The challenge is often framed as one of political will. However, it may be more accurately understood as a problem of decision architecture.
The Structural Challenge
At COP (under the United Nations Framework Convention on Climate Change process), countries primarily put forward what they are prepared to do individually. Coordination evolves incrementally, with progress measured through successive rounds of commitments.
This approach has strengths—it is inclusive and politically feasible—but it also has limitations. Decisions are often fragmented across issues, and trade-offs between mitigation, adaptation, finance, and emerging approaches such as restoration are not fully integrated.
Meanwhile, the concept of simultaneous implementation (as advocated by Simpol) is beginning to take root. Over 100 sitting UK Members of Parliament, along with a growing number of representatives in other national legislatures, have already endorsed Simpol. This signifies their readiness in principle to implement agreed policies simultaneously alongside other governments. Simultaneous implementation thus solves the international coordination problem, lessens competitiveness concerns, and so creates the conditions under which more integrated and effective agreements become politically and economically feasible.
A complementary question remains:
What exactly should they agree to do together?
A Complementary Approach
Our recent work explores how this question might be addressed.
In a simulated multi-stakeholder climate negotiation, we demonstrated that when participants are able to consider multiple interdependent issues simultaneously—and make trade-offs explicitly—it becomes possible to identify outcomes that are significantly more efficient and mutually beneficial than those typically reached through sequential negotiation.
We recently documented this in a paper published through the Toda Peace Institute:
The companion video below illustrates how six representative stakeholder groups can reach a mutually improving agreement when negotiations are re-architected for simultaneity and trade-offs:
The key insight is that integration matters. It is not enough for parties to negotiate together; they must also be able to evaluate decisions as a coherent package.
The Role of the Single Negotiating Framework
To enable this, we introduce the concept of a Single Negotiating Framework (SNF).
The SNF defines:
The full set of relevant decision variables
The feasible ranges for each
The relationships and constraints between them
In effect, it makes the entire decision space explicit and structured.
Within this framework, participants can express preferences across all issues simultaneously. A decision-support process can then identify solutions that are:
Internally consistent
Efficient across trade-offs
Acceptable to all parties
This is where tools like Smartsettle add value: they provide a mechanism for simultaneous package-building and optimization, rather than issue-by-issue compromise.
Positioning Relative to Existing Approaches
These approaches are not competing, but complementary:
COP processes support broad participation and incremental progress
Simpol supports simultaneous commitment and implementation
The SNF + Smartsettle approach supports integration and optimization of the decision package
Together, they address three distinct challenges:
Participation
Coordination
Integration
From Simulation to Practice
The next step is to translate this from proof-of-concept to practical application.

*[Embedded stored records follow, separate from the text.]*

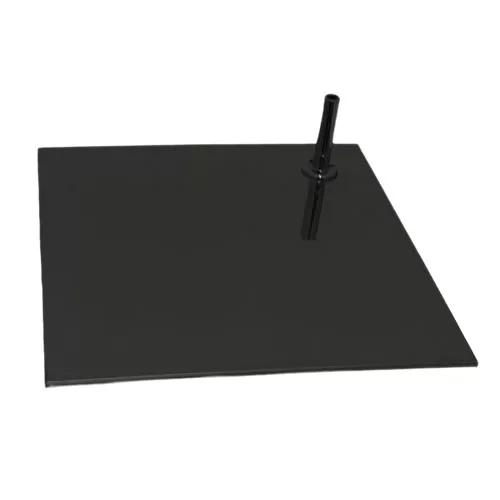 Base quadrata in metallo per manichini Citizens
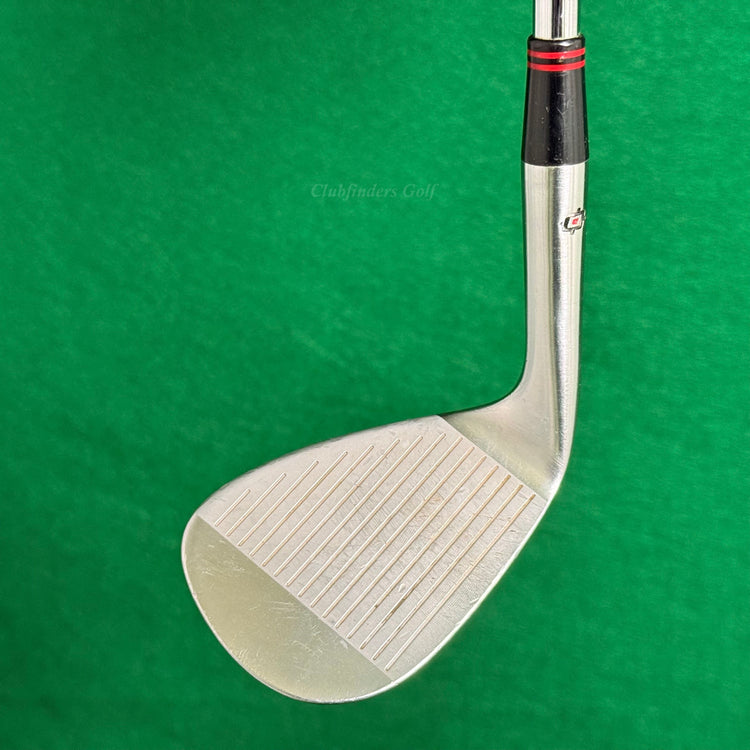 SCOR V-Sole 4161 Form Forged 57° SW Sand Wedge KBS Genius 12 Steel Firm *READ*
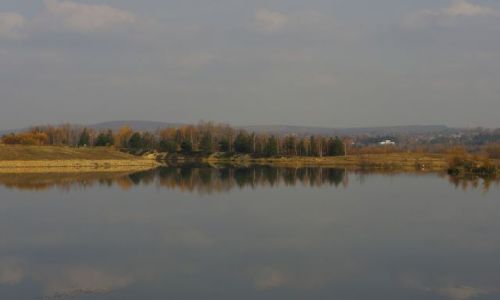 Zdj�cie POLSKA / brak / Pogoria / jesie� nad wod�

A proposed pathway is as follows:
1. Refine the Single Negotiating Framework
Recruit a small group of climate professionals—scientists, economists, and policy experts—to develop a more realistic and comprehensive SNF.
This step ensures that the framework reflects:
Current scientific understanding
Policy constraints
Real-world trade-offs
2. Test Through Multi-University Simulation
Use the refined SNF as the basis for a structured simulation involving university teams.
Each team would represent a stakeholder perspective and work within the same framework to:
Evaluate trade-offs
Propose solutions
Converge toward optimized outcomes
This provides a practical test of whether integrated decision-making can produce more coherent and effective pathways.
3. Apply to Real-World Contexts
The same framework can then be applied to specific cases—for example, identifying optimized pathways for countries to meet or exceed their NDCs. This aligns with existing analysis efforts while adding a layer of decision integration.
A Practical Opportunity
Climate negotiations are often described as a coordination problem. They are—but they are also an integration problem. By structuring the decision space explicitly and enabling simultaneous consideration of all relevant factors, it may be possible to move beyond incremental progress toward more coherent, actionable solutions. This is not a replacement for existing processes, but a way to strengthen them. The opportunity now is to test this approach in increasingly realistic settings—and to see whether it can help bridge the gap between agreement and implementation.